Auch rund um Mariupol und Donezk lieferten sich Armee und Rebellen erbitterte Gefechte. Nach Angaben der Konfliktparteien wurden in der Ostukraine binnen 24 Stunden zehn Menschen getötet.

"Die Rebellen zerstören Debalzewe", schrieb Polizeichef Wjatscheslaw Abroskin im Online-Netzwerk Facebook. Wohngebiete und Verwaltungsgebäude stünden unter Dauerbeschuss der feindlichen Artillerie. Auch das Polizeirevier sei von einer Rakete getroffen worden. Die ukrainische Armee liefert sich seit Tagen Gefechte mit den Separatisten um Debalzewe. Nach Angaben des Militärs hatten die Rebellen in der Nacht zum Samstag eine neue Offensive auf die Stadt gestartet.

"Die Stadt steht im Flammen", berichtete die Leiterin der örtlichen Gesundheitsbehörde, Natalia Karabuta. "Es gibt keine Medikamente mehr, kein Wasser und auch keinen Strom". Einwohner suchten im Keller des Krankenhauses Schutz vor den Granaten.

Am Sonntag 00.00 Uhr tritt die Waffenruhe in Kraft

Auch aus anderen strategisch wichtigen Städten in der Ostukraine wurden heftige Kämpfe gemeldet. In der von regierungstreuen Einheiten kontrollierten Küstenstadt Mariupol wurde ein Zivilist getötet, wie die Militärführung in Kiew mitteilte. Nach Angaben des ukrainischen Freiwilligenregiments Asow griffen prorussische Kämpfer ihre Stellungen nahe Mariupol mit Panzern und Artilleriegeschützen an. Es habe viele Verletze gegeben, der Ort Schirokine sei weitgehend zerstört. Die Rebellen in Donezk erklärten am Samstag, beim Beschuss der Stadt seien mindestens zwei Zivilisten getötet worden.

Am Freitag hatten beide Seiten mitgeteilt, den Kämpfen in der Ostukraine seien insgesamt 28 Soldaten und Zivilisten zum Opfer gefallen. Die anhaltenden Kampfhandlungen gefährden ein Friedensabkommen, das die Kiewer Regierung und die prorussischen Rebellen am Donnerstag nach einem Verhandlungsmarathon in Minsk unterzeichnet hatten. Sie verständigten sich auf ein "Maßnahmenpaket" zur Umsetzung der Minsker Verträge von Anfang September. Kernpunkt der Vereinbarung ist eine Waffenruhe, die am Sonntag 00.00 Uhr (Samstag 23.00 Uhr MEZ) in Kraft tritt. Zudem wurden der Abzug schwerer Waffen und die Einrichtung einer Pufferzone vereinbart.

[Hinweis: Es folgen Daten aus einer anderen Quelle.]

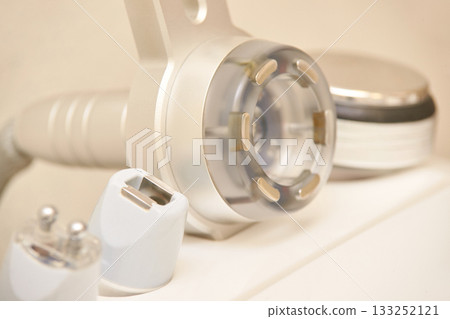 Close-up of modern beauty equipment with led light and metal probes for skin Close-up of modern beauty equipment with led light and metal probes for skin 133252121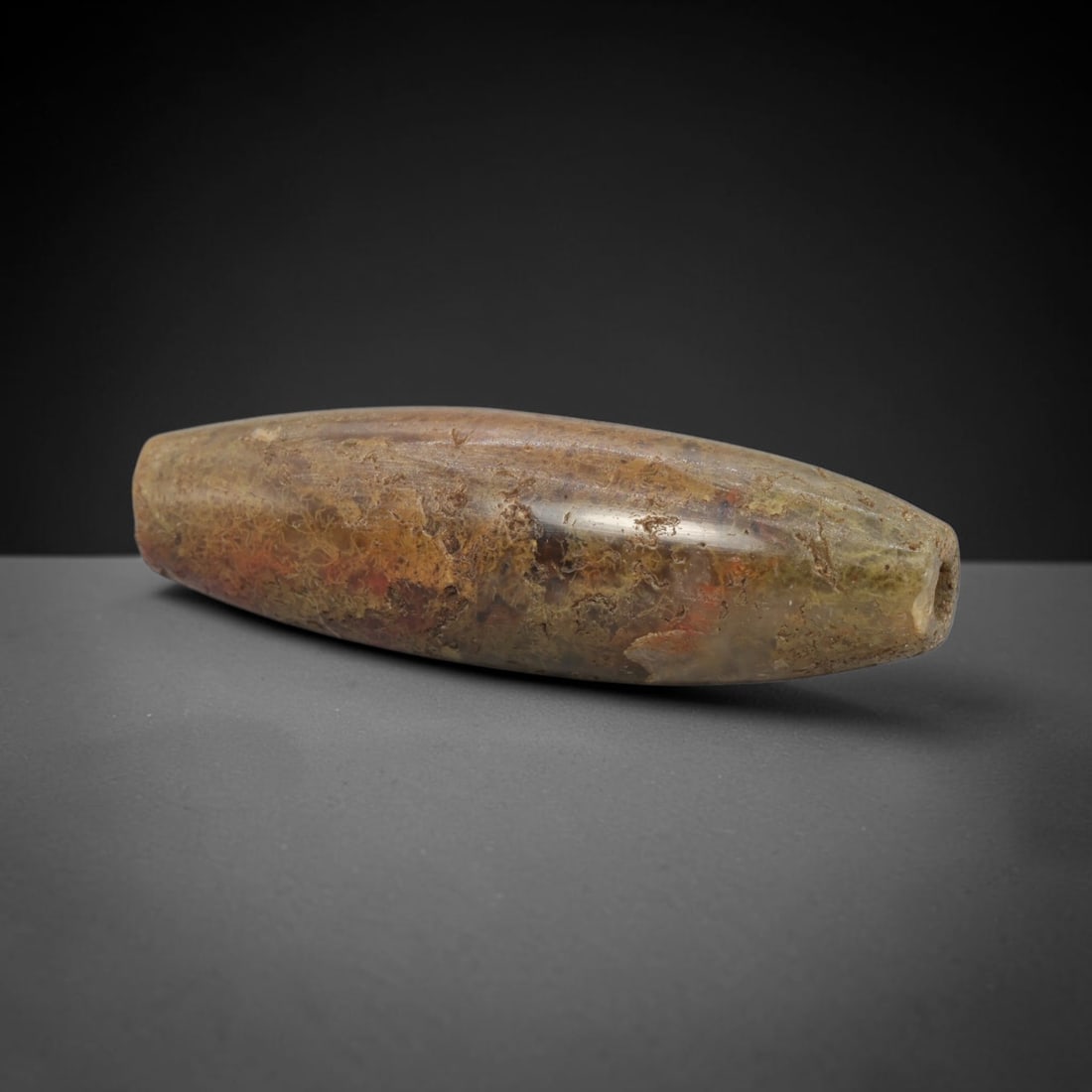 Ancient Jasper Bead - Indus Valley Bactrian Pendant: This bead is expertly carved from natural jasper, showcasing masterful lapidary craftsmanship consistent with ancient bead-making traditions of the Indus Valley and Bactrian regions. The elongated bic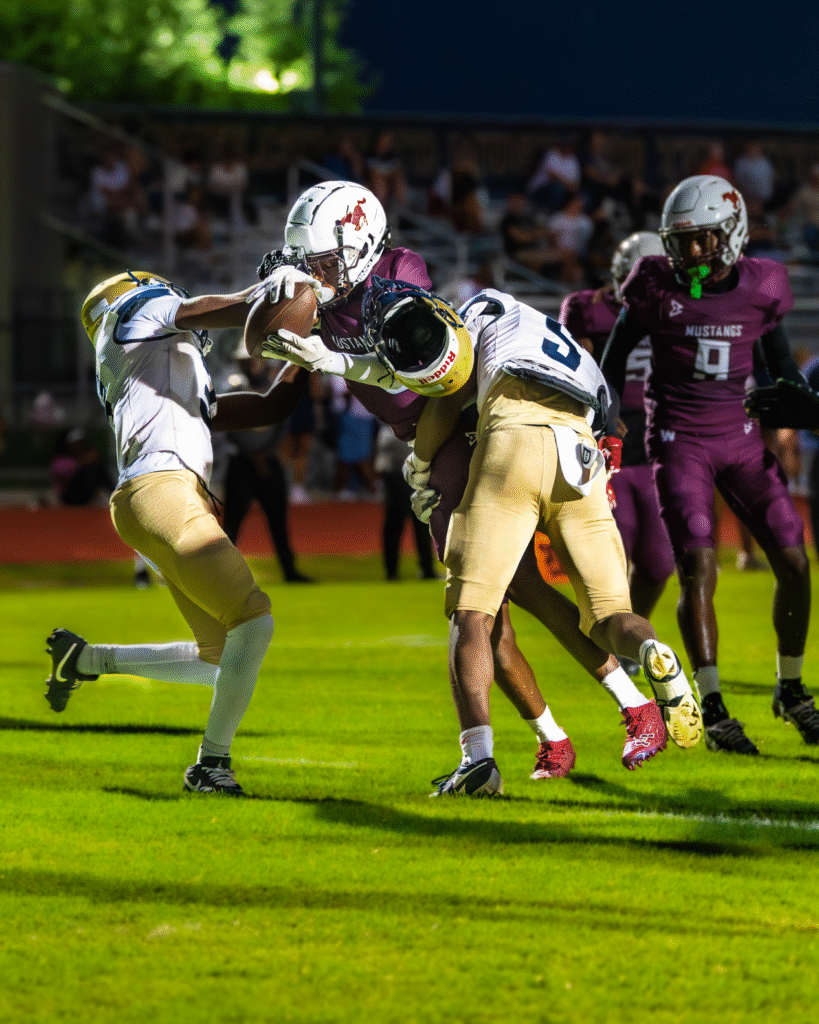 Jaden Saint George diving through defenders at the goal line.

Der ukrainische Ministerpräsident Arseni Jazenjuk warnte am Samstag vor einem Scheitern des Abkommens. "Ich habe keinen Zweifel, dass Russland alles tun wird, um den Friedensprozess anfällig zu machen und auf diesem Wege die Ukraine zu schwächen", sagte Jazenjuk der "Bild"-Zeitung. Ziel der ukrainischen Regierung sei es, die Kontrolle über die Rebellenhochburgen Donezk und Lugansk "Schritt für Schritt wiederherzustellen". Russlands Präsident Wladimir Putin träume hingegen "von der Wiederherstellung der hegemonialen Kontrolle über die Ukraine", sagte Jazenjuk.

Erneute Vorwürfe der USA in Richtung Moskau

Zuvor hatten die USA Moskau vorgeworfen, weiter schwere Waffen über die russisch-ukrainische Grenze in die Rebellengebiete zu verlegen. Dies sei "eindeutig nicht im Sinn" der Vereinbarung von Minsk, sagte US-Außenamtssprecherin Jen Psaki am Freitag. Die Vereinigten Staaten seien "sehr besorgt" über die anhaltenden Kämpfe. Auch die sieben führenden Industrienationen (G-7) äußerten sich besorgt. Die Lage gebe weiter Anlass zur Sorge.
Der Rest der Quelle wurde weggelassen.